_Exercise prompt_: With pictures excluded, copy word for word the lines in the data below from the line containing "Aline v neck" through the line containing "Hand Pointer Type".

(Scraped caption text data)
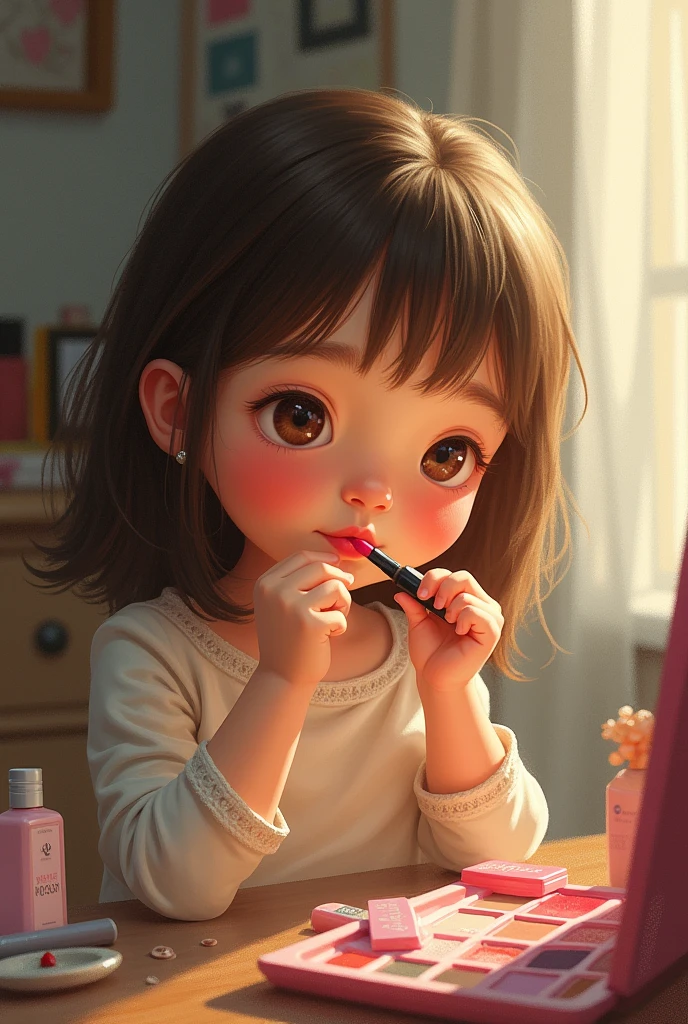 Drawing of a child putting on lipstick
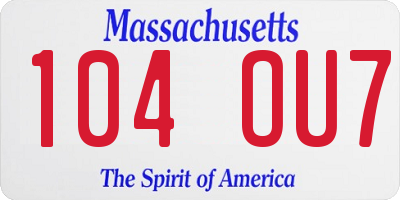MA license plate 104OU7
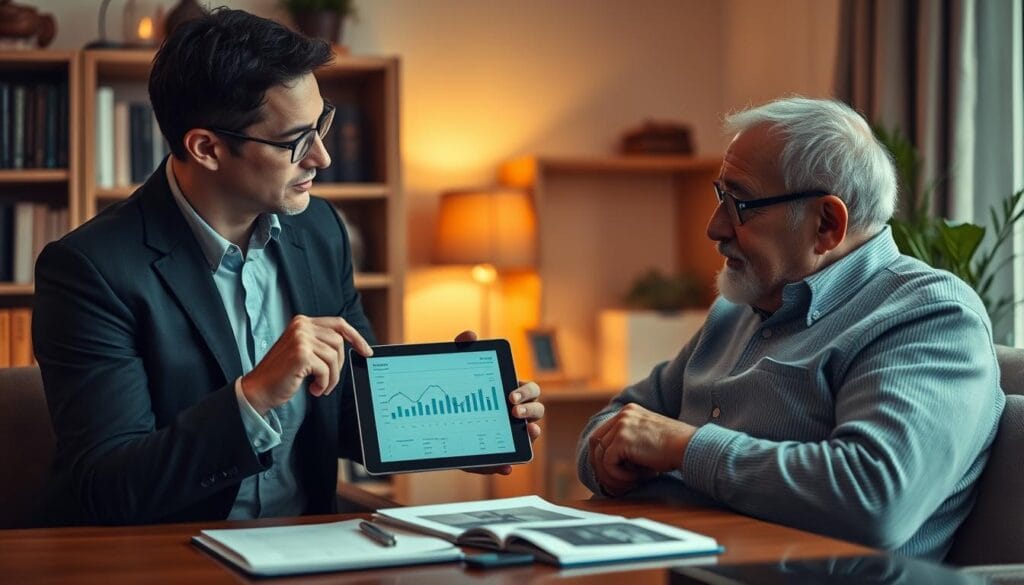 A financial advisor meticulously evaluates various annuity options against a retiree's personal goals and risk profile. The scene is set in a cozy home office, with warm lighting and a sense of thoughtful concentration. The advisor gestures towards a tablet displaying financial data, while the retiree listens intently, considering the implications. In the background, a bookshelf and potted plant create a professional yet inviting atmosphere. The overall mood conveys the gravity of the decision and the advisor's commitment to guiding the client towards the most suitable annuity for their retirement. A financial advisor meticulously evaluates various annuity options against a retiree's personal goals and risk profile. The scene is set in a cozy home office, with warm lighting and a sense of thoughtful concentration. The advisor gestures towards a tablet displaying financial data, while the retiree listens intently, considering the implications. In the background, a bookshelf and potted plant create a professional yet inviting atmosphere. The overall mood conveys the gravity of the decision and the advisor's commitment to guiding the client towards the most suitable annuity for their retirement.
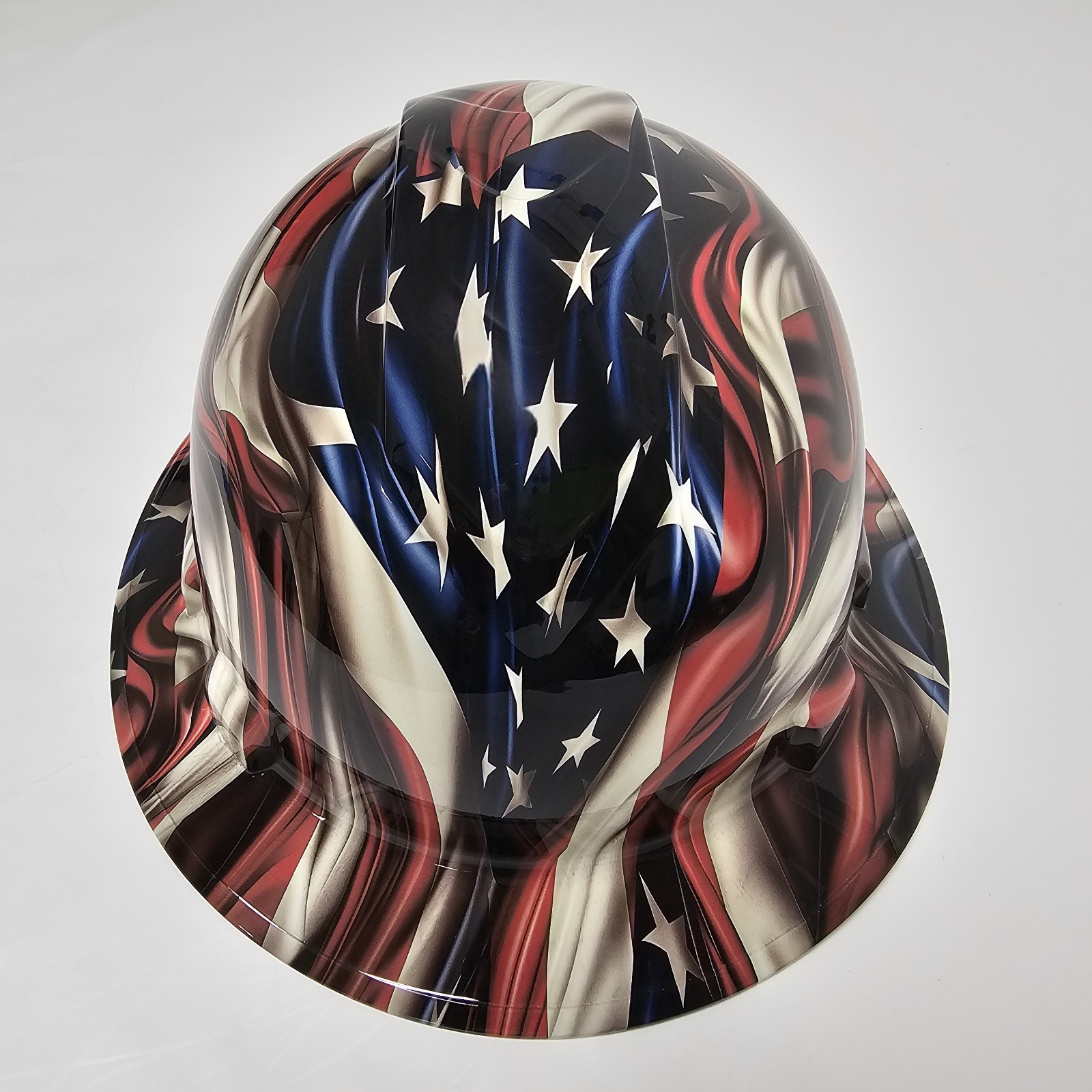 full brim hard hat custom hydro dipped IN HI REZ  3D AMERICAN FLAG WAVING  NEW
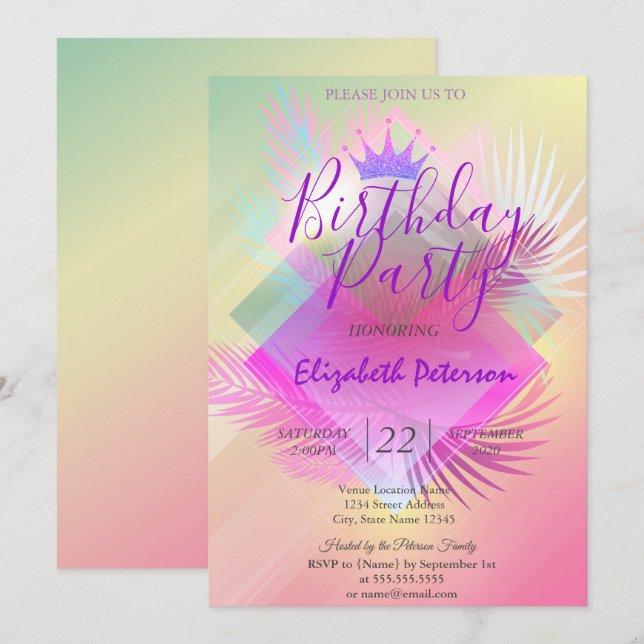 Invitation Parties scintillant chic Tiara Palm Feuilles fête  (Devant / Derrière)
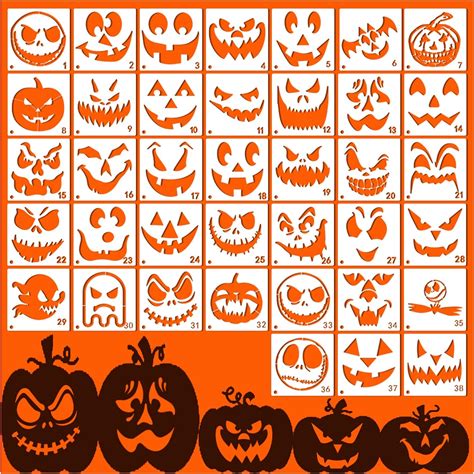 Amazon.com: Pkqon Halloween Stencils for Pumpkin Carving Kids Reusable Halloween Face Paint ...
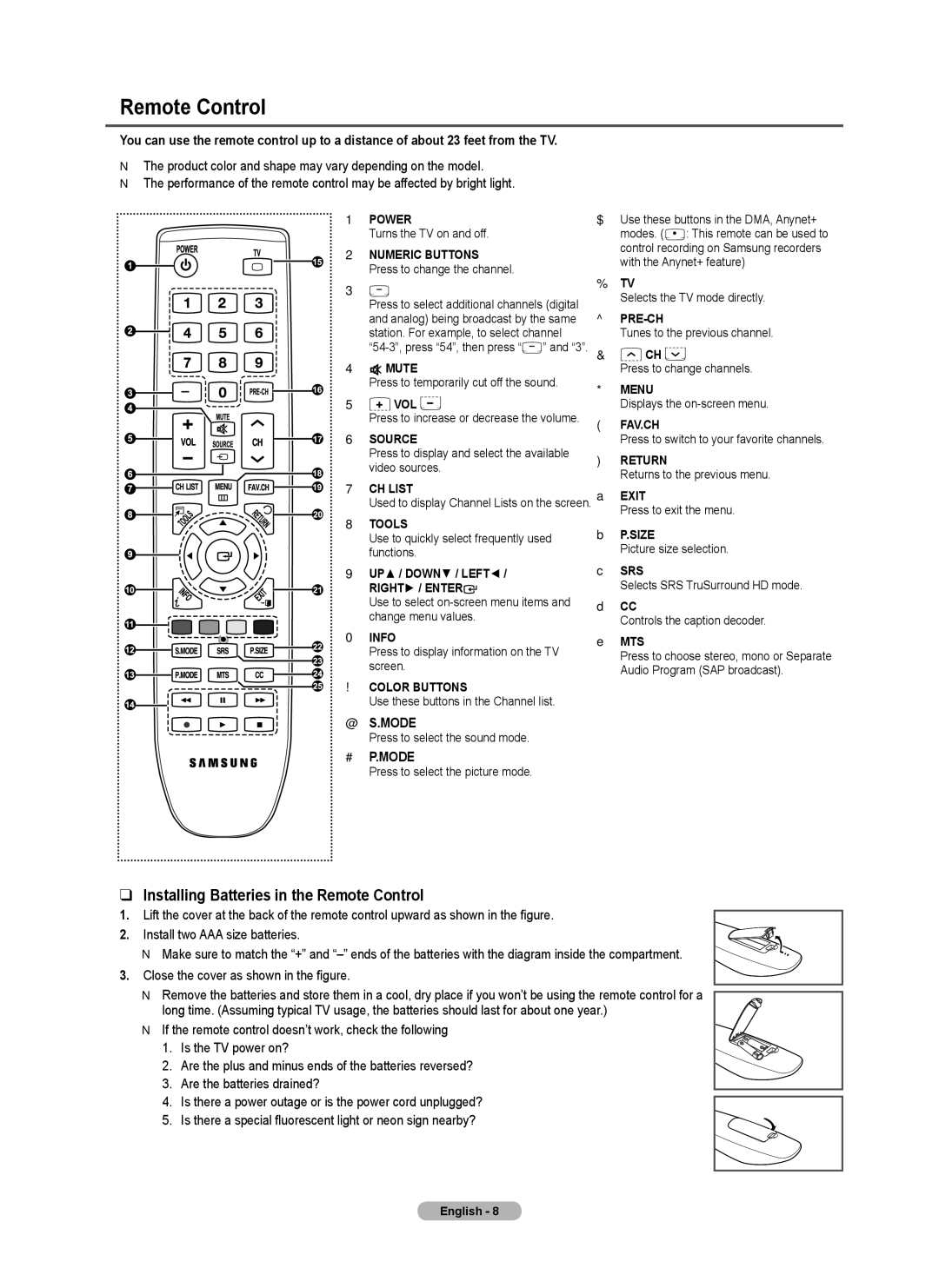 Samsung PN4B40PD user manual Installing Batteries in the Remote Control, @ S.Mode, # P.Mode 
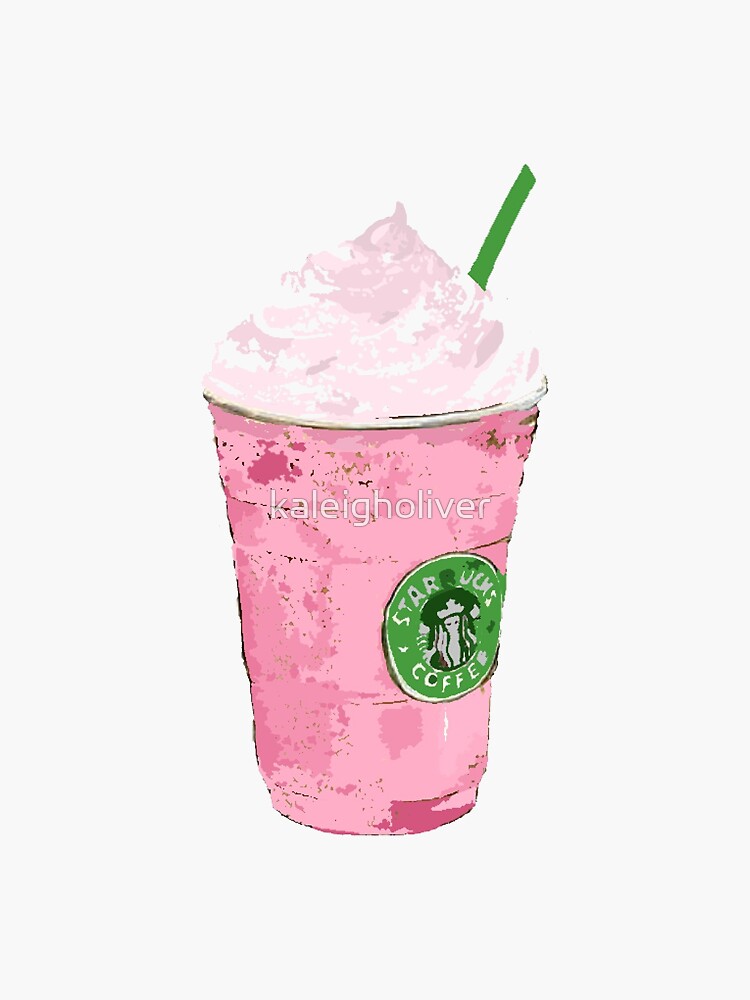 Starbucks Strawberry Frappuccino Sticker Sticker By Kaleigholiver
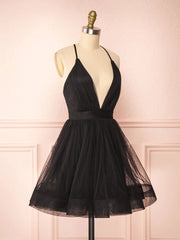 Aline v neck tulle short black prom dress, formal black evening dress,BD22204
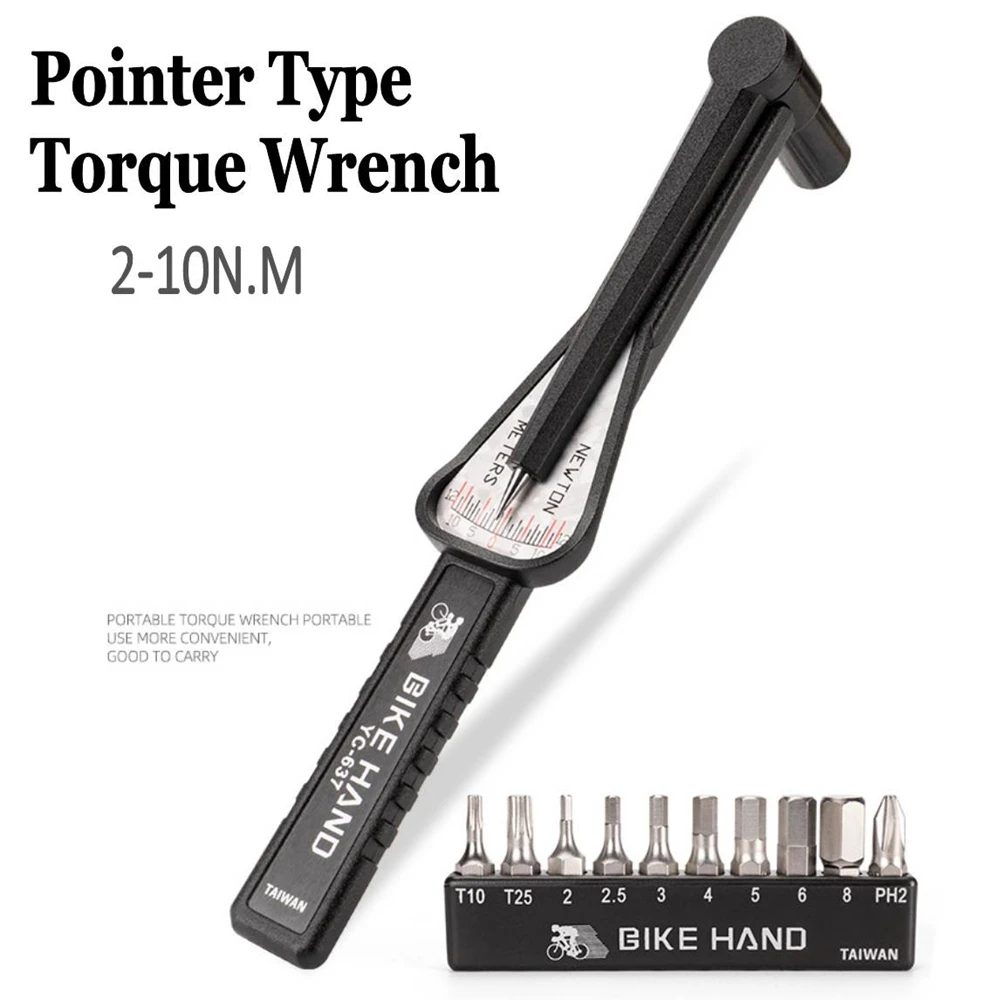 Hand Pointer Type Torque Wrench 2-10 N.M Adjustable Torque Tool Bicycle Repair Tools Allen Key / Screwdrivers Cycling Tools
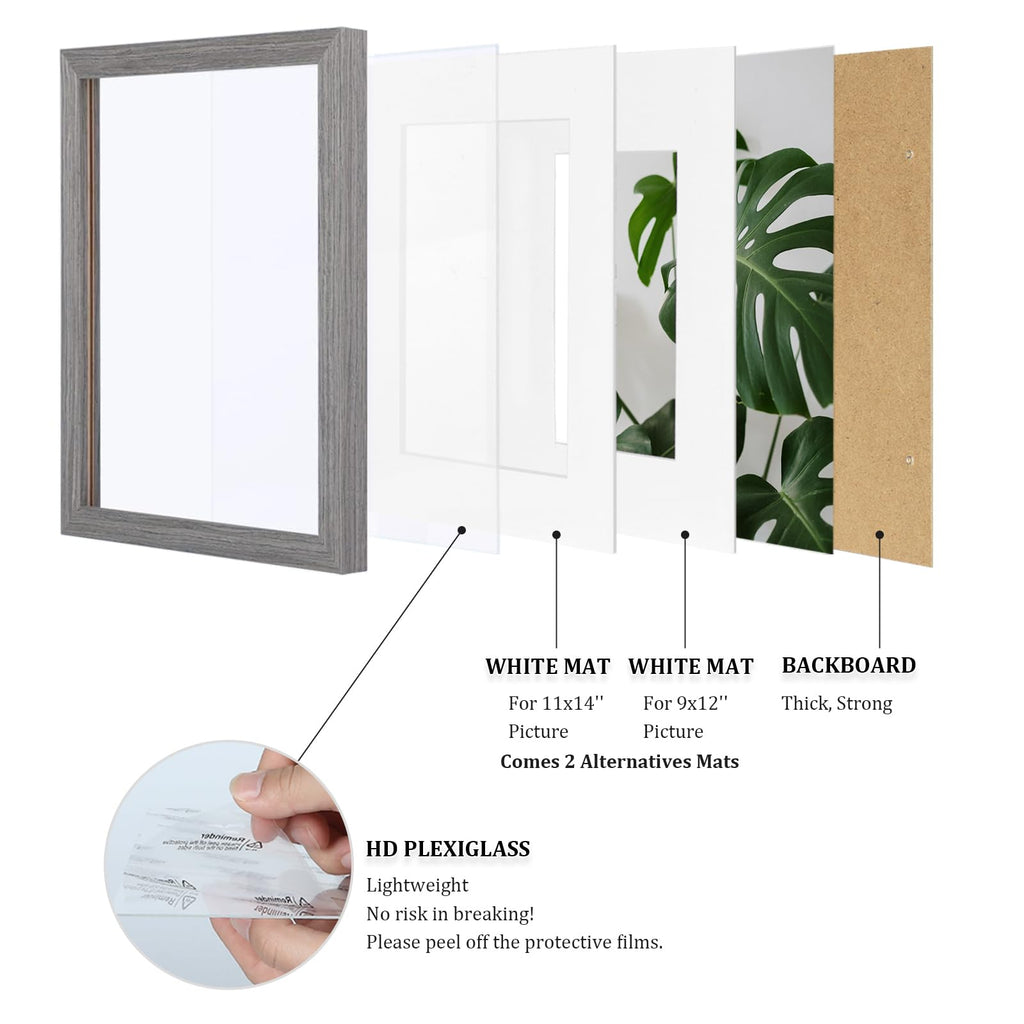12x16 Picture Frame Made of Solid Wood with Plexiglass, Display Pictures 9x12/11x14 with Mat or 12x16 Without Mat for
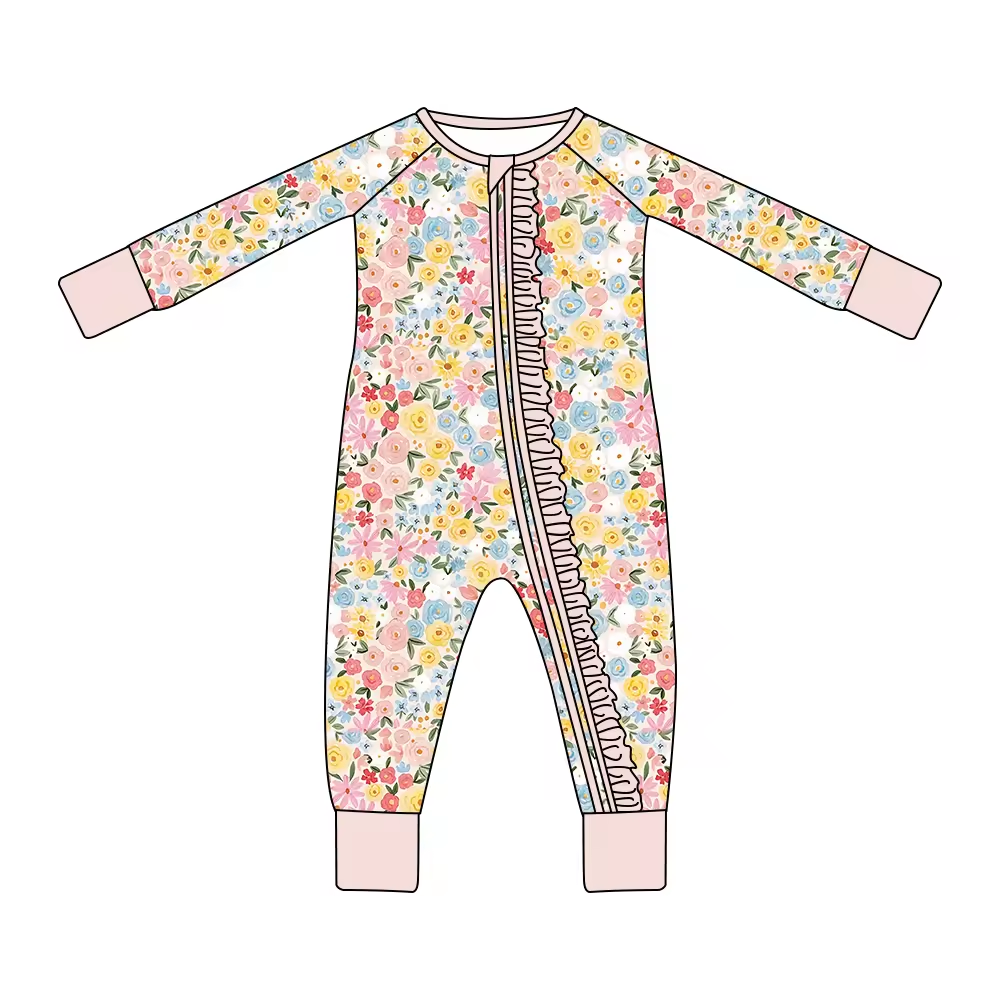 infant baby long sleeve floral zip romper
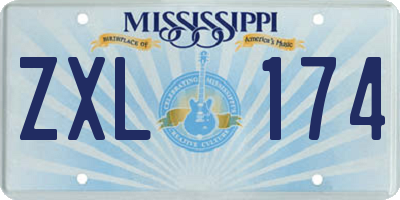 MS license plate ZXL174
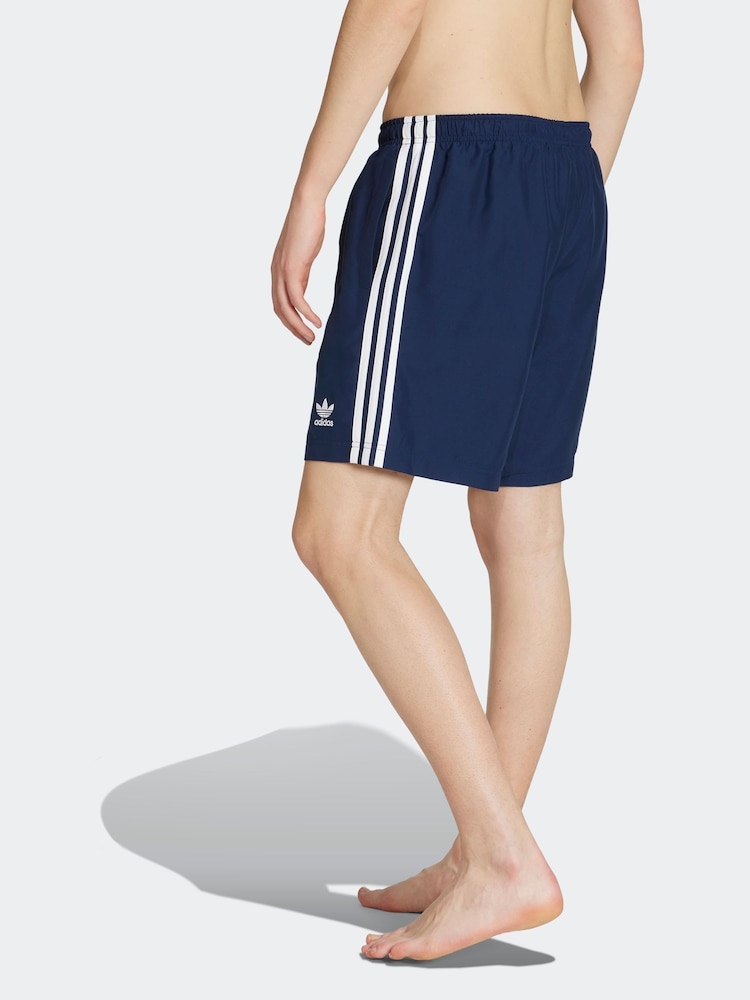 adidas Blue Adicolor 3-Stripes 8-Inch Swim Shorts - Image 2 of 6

_Answer box_:
 Aline v neck tulle short black prom dress, formal black evening dress,BD22204
 Hand Pointer Type Torque Wrench 2-10 N.M Adjustable Torque Tool Bicycle Repair Tools Allen Key / Screwdrivers Cycling Tools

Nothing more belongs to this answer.